**Exercise directions:**
Reproduce exactly the lines from the one containing "Armen Living Grand" through the end of the entries, including both. Drop the pictures.

**Materials provided:**
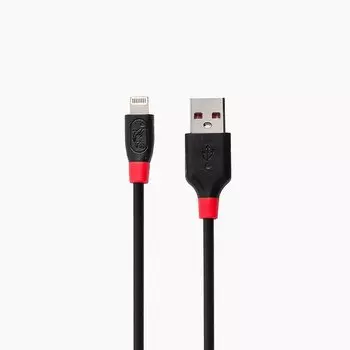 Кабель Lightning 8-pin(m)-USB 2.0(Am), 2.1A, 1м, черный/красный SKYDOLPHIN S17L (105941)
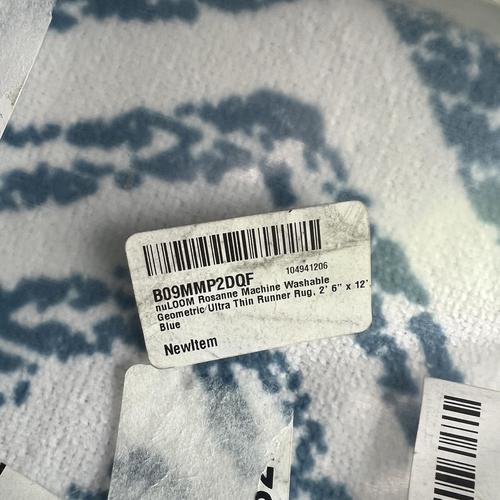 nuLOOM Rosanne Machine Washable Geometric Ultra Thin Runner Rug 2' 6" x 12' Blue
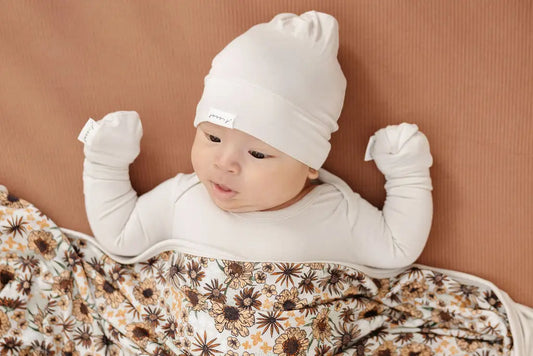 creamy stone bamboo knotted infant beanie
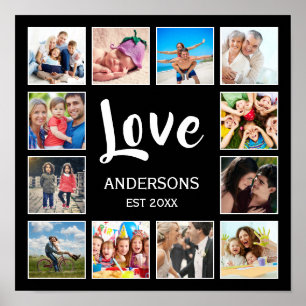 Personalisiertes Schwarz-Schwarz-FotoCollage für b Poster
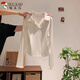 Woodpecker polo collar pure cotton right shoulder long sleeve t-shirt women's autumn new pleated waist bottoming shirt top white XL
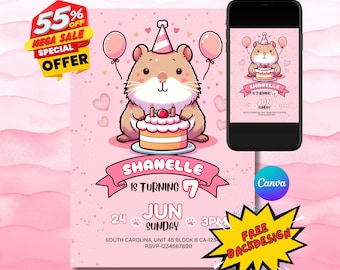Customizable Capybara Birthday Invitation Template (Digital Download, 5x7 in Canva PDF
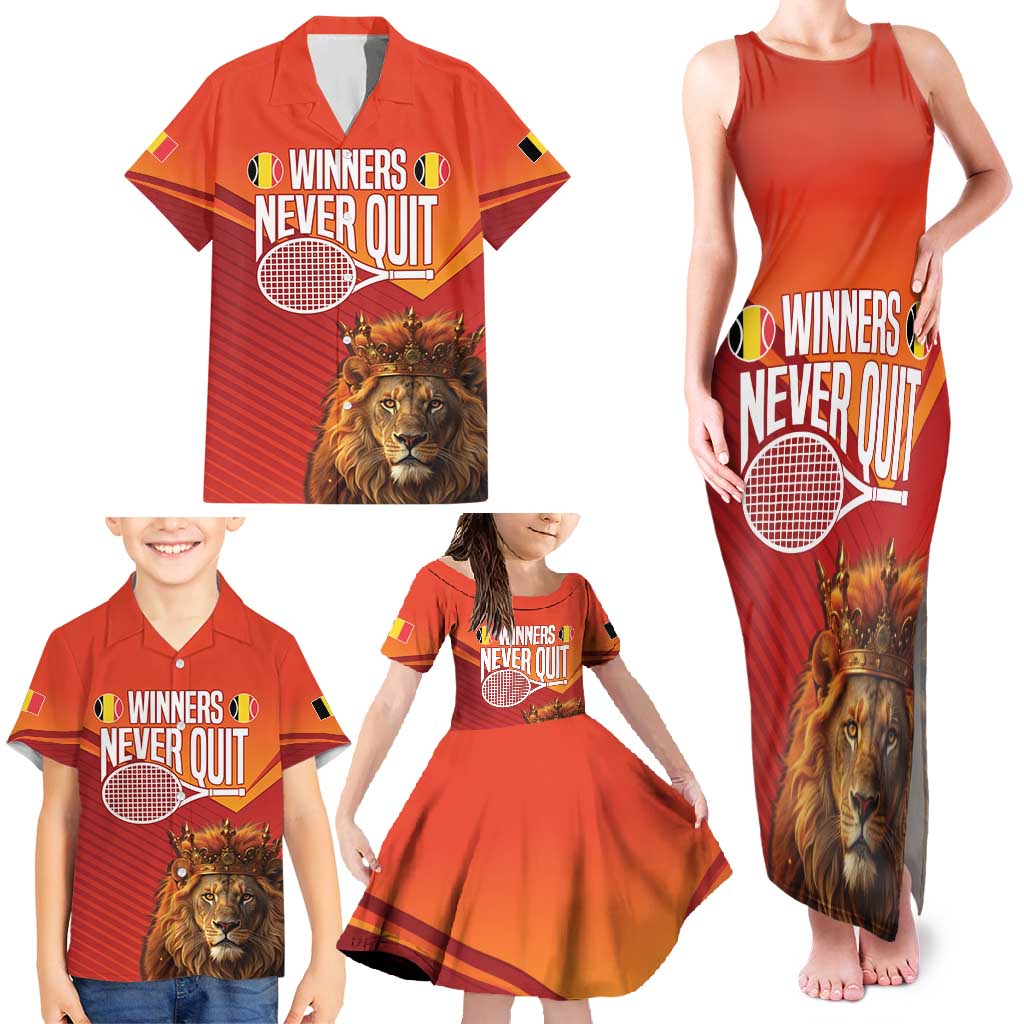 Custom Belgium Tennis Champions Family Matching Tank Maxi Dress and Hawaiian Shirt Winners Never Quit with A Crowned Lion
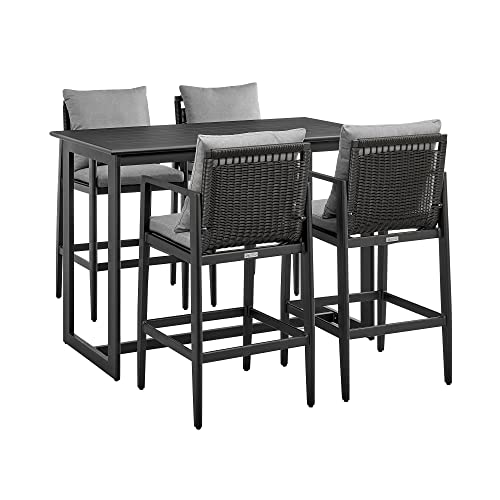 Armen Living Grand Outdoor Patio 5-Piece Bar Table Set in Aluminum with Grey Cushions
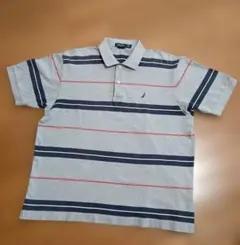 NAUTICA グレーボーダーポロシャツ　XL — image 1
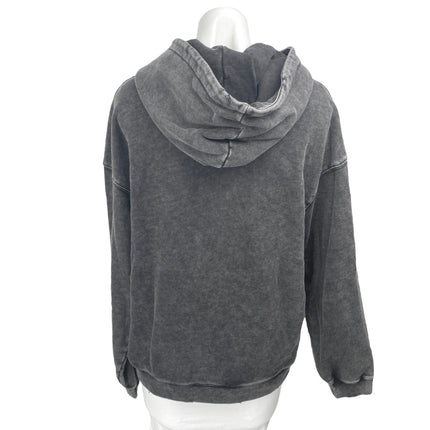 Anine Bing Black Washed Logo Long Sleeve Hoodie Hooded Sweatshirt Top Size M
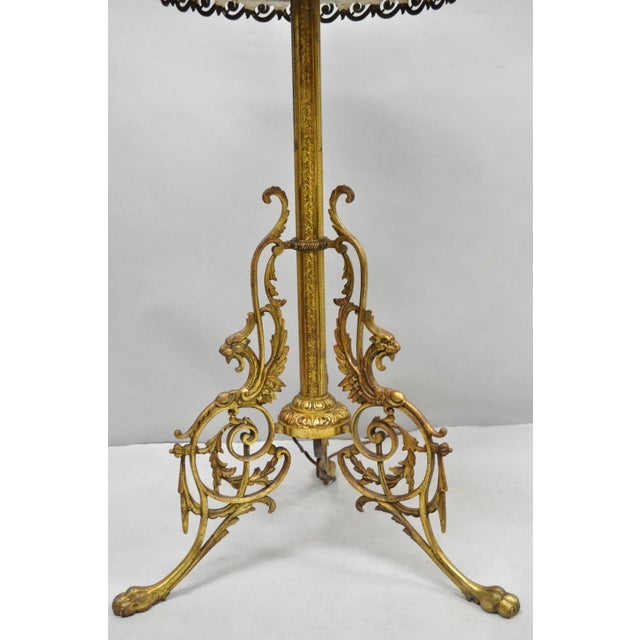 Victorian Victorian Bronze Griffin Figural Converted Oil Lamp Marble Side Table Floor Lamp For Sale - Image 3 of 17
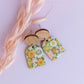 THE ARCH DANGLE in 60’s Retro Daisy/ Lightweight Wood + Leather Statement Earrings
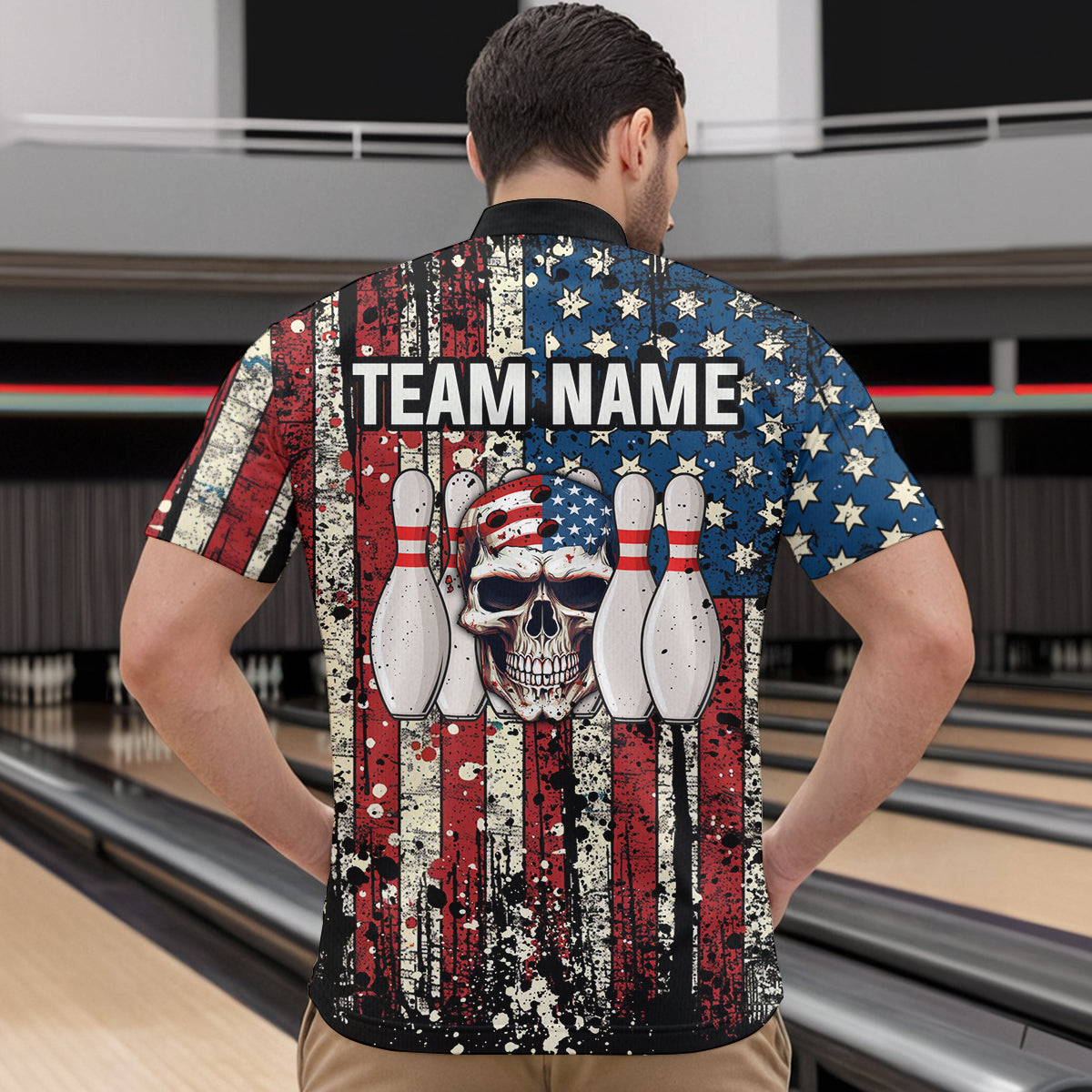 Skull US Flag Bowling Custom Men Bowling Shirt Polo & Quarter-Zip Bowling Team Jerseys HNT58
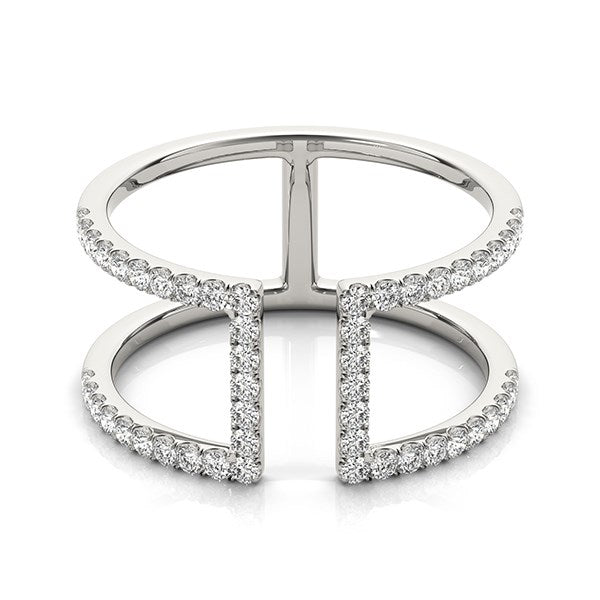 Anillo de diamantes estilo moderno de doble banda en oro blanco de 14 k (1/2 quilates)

**Solution for this task:**
 Armen Living Grand Outdoor Patio 5-Piece Bar Table Set in Aluminum with Grey Cushions
 NAUTICA グレーボーダーポロシャツ　XL — image 1
 Anine Bing Black Washed Logo Long Sleeve Hoodie Hooded Sweatshirt Top Size M
 Victorian Victorian Bronze Griffin Figural Converted Oil Lamp Marble Side Table Floor Lamp For Sale - Image 3 of 17
 THE ARCH DANGLE in 60’s Retro Daisy/ Lightweight Wood + Leather Statement Earrings
 Skull US Flag Bowling Custom Men Bowling Shirt Polo & Quarter-Zip Bowling Team Jerseys HNT58
 Anillo de diamantes estilo moderno de doble banda en oro blanco de 14 k (1/2 quilates)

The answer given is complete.